Information shown:

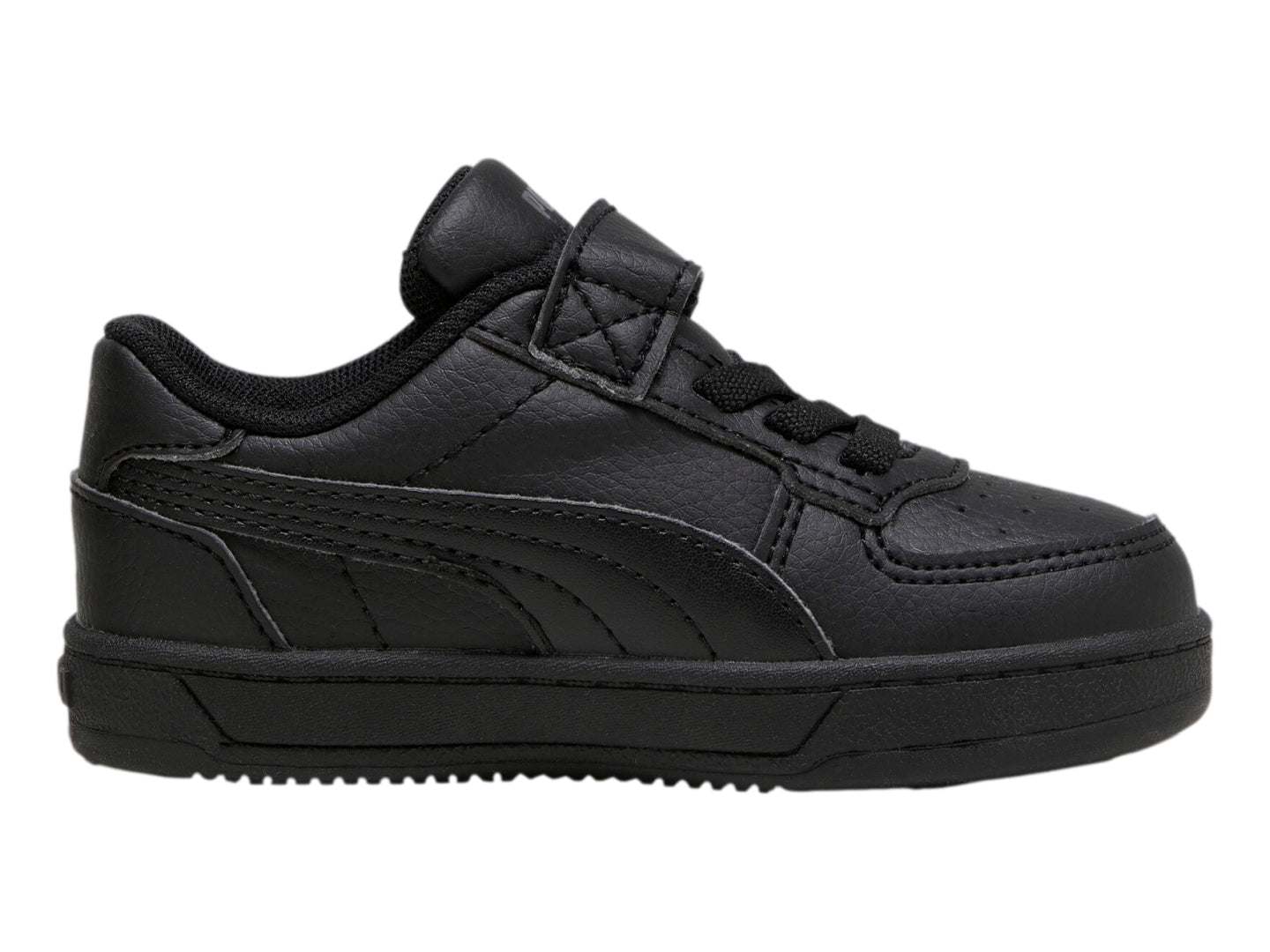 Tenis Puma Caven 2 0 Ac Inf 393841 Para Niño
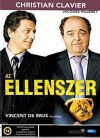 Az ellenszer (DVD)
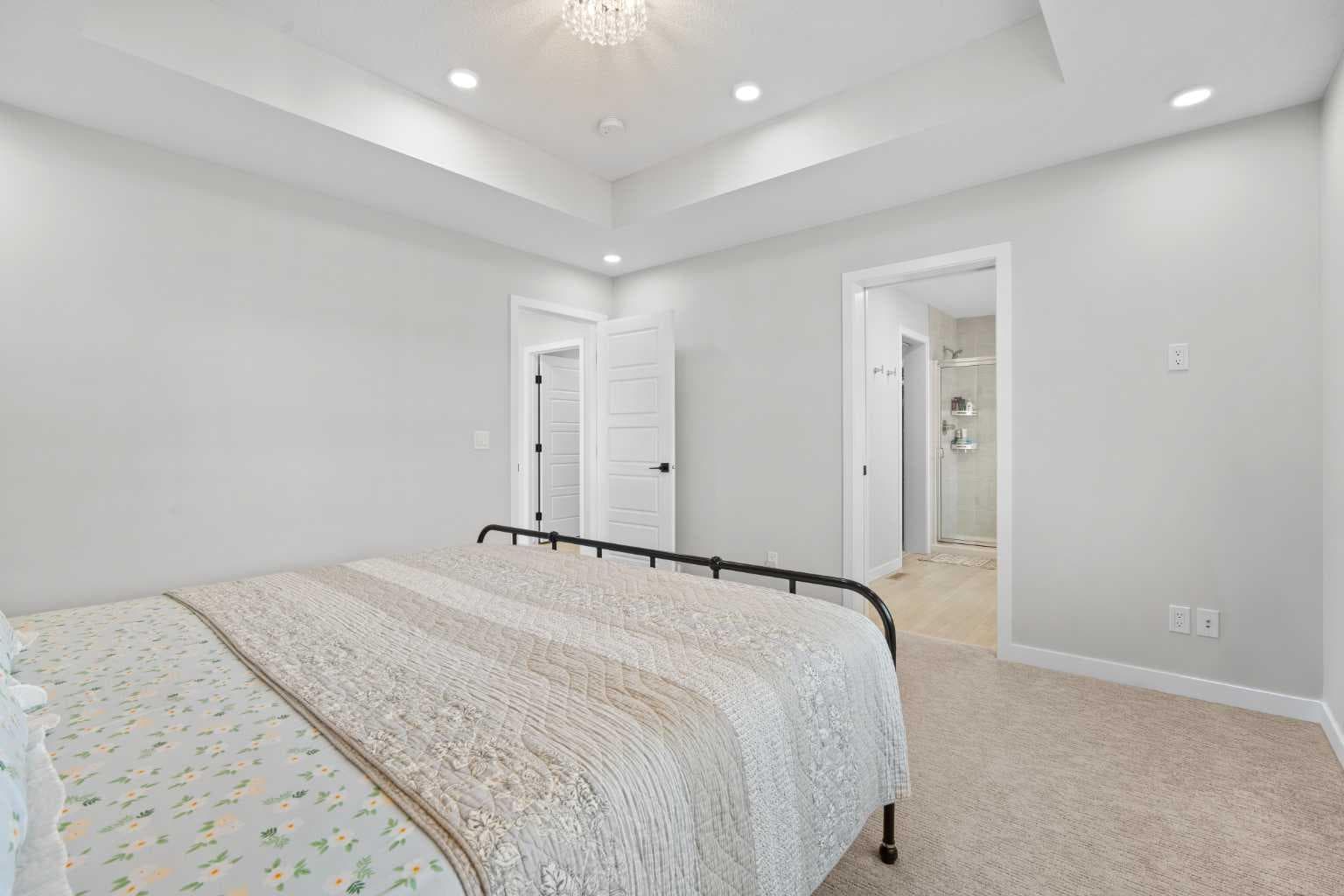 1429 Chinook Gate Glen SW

Task prompt: Output the full listing above exactly, excluding all pictures.

Final answer:
 Tenis Puma Caven 2 0 Ac Inf 393841 Para Niño
 Az ellenszer (DVD)
 1429 Chinook Gate Glen SW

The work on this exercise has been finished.